What brought on this column was how InQueensland columnist Sean Carney took a wider view a few days back, calling Labor’s time in power a miserable legacy – and maybe it is if you examine the stats since World War 2. Wonder why Carney didn’t go back to the start of the war?

Carney writes: “At the federal level, it [Labor] has spent considerably more time in opposition than in office, holding government for just 26 of the 66 years since the end of the second world war.

“It has been a party of debilitating, long-running splits. One was over conscription during the first world war. Another was over how to respond to the Great Depression. The worst split, over the influence of communists within the ALP and the Catholic groups that fought against it, extended from the 1950s to the 1970s.”

So Carney is happy to factor in the 27 years since World War 2, including the 17-plus years in the wilderness for Labor after the big split of 1955, and that’s fine if you want to give the impression that inQueensland is just a little bit right wing, a growing suspicion of mine*.

Anywho, Labor’s three years – 1973-75 – were cut short by the act of a drunken fool who had to die in disgrace in a foreign land.

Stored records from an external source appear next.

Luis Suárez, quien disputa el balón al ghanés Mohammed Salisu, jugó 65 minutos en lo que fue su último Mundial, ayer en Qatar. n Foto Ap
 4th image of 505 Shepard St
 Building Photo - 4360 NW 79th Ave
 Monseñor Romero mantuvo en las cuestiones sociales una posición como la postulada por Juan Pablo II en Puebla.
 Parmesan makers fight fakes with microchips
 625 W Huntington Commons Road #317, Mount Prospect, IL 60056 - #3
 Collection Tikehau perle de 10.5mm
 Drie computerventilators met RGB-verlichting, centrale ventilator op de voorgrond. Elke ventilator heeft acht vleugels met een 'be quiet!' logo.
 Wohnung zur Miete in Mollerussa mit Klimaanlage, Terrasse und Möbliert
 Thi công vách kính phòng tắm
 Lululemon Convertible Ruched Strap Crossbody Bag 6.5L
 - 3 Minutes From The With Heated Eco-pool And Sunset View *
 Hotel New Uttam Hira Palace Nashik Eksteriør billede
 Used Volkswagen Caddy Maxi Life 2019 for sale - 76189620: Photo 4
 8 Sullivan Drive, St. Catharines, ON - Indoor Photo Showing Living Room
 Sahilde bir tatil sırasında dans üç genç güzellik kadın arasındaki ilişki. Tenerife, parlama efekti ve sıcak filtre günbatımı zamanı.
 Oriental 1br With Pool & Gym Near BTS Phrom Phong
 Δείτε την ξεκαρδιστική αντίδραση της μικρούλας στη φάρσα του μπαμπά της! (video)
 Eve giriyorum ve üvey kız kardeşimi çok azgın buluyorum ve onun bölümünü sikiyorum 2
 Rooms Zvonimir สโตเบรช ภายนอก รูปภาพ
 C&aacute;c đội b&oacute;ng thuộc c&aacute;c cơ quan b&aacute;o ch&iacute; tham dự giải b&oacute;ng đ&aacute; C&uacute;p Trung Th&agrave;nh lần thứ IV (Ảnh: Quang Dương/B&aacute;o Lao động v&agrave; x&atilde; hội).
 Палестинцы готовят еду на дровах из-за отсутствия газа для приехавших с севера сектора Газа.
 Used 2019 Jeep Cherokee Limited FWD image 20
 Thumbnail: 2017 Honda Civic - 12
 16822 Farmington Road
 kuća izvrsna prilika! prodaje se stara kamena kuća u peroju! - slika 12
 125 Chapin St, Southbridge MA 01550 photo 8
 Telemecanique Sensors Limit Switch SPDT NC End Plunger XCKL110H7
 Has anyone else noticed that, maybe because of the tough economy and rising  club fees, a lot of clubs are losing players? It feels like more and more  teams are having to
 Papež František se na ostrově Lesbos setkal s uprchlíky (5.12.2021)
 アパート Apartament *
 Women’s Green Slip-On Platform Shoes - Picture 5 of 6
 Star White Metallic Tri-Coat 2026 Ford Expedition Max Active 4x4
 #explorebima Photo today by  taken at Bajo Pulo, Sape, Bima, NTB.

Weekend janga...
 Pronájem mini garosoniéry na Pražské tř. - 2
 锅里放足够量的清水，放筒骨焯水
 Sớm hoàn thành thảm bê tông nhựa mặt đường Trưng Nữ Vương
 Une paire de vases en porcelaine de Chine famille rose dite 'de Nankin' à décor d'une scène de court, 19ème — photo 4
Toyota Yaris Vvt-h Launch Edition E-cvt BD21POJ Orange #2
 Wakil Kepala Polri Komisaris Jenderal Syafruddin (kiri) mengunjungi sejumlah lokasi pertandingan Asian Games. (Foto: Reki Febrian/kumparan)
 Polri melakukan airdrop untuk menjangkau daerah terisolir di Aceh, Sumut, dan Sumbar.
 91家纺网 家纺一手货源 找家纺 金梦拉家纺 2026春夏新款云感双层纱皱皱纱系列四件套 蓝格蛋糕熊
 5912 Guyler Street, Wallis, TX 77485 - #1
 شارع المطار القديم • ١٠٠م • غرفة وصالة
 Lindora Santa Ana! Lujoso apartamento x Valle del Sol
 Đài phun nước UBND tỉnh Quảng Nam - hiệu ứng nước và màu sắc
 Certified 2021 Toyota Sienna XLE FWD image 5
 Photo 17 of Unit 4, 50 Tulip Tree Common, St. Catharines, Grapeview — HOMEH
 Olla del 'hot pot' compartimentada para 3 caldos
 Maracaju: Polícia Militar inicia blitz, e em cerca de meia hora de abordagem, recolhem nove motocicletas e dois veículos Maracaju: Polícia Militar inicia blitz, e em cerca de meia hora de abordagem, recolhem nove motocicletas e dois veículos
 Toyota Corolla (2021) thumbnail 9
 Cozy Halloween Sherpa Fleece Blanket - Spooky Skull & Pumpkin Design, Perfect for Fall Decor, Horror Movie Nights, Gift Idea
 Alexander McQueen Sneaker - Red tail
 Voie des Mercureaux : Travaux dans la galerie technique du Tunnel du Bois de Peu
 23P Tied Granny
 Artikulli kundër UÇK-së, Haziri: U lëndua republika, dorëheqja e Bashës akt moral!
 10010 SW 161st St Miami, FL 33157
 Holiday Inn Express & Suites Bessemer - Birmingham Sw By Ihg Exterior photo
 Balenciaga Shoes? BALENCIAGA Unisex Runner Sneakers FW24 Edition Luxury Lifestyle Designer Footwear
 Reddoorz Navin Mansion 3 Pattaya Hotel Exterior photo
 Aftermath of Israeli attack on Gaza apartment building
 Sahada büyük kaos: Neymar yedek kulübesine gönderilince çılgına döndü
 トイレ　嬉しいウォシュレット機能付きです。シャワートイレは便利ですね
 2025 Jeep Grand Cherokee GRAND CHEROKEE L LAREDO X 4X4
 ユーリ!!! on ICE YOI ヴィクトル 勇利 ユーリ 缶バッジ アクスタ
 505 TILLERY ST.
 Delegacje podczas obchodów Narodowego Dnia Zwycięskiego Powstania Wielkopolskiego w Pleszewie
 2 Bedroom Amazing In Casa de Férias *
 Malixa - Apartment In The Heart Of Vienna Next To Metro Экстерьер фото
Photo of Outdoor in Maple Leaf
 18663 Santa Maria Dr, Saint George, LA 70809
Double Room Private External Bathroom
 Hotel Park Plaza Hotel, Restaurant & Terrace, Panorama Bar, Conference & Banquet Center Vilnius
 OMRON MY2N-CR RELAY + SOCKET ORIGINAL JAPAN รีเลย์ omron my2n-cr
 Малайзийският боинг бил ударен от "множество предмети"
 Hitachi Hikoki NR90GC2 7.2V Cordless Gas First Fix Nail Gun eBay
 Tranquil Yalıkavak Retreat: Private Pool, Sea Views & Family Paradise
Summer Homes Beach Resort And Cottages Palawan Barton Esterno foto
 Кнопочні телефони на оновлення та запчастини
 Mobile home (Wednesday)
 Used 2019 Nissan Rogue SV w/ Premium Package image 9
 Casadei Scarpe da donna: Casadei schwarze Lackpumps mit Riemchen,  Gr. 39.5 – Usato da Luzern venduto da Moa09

Labor took eight years to recover from the damage to its reputation by his actions.

Labor from 1983 under Hawke and Keating then won five elections in a row.

Howard had 11 years, including one poll he won on lies over children overboard.

Rudd and Gillard shared six years, but probably deserved only half of that after their infighting.

And Turnbull and Morrison won two very narrow elections they both would have lost if the mainstream media had attacked their woeful record of economic mismanagement with the same ferocity with which they attack Labor governments.

Given that the conservative side of politics since 1972 has used every drunken vice-regal, every dodgy trick, every shocking funding rort, every cent of untold millions of taxpayers’ dollars to besmirch Labor leaders and has happily trashed parliamentary practices and traditions to regain or stay in power, I think Labor’s done quite well, all things considered.

And if Labor doesn’t win the close ones because they’re not as ruthless as the other side, then that’s fine by me too. Okay, that might be stretching things a bit.

Except for the next federal election. If Labor loses that one to the shittiest, most corrupt, government I’ve ever had the mispleasure to observe, Australia’s fucked.

Don Gordon-Brown

* Memo Sean Carney: I might change my mind if shortly you do a think piece on poor old Smoko trashing about as Freedom Man in a desperate bid to win a thoroughly unearned second full term.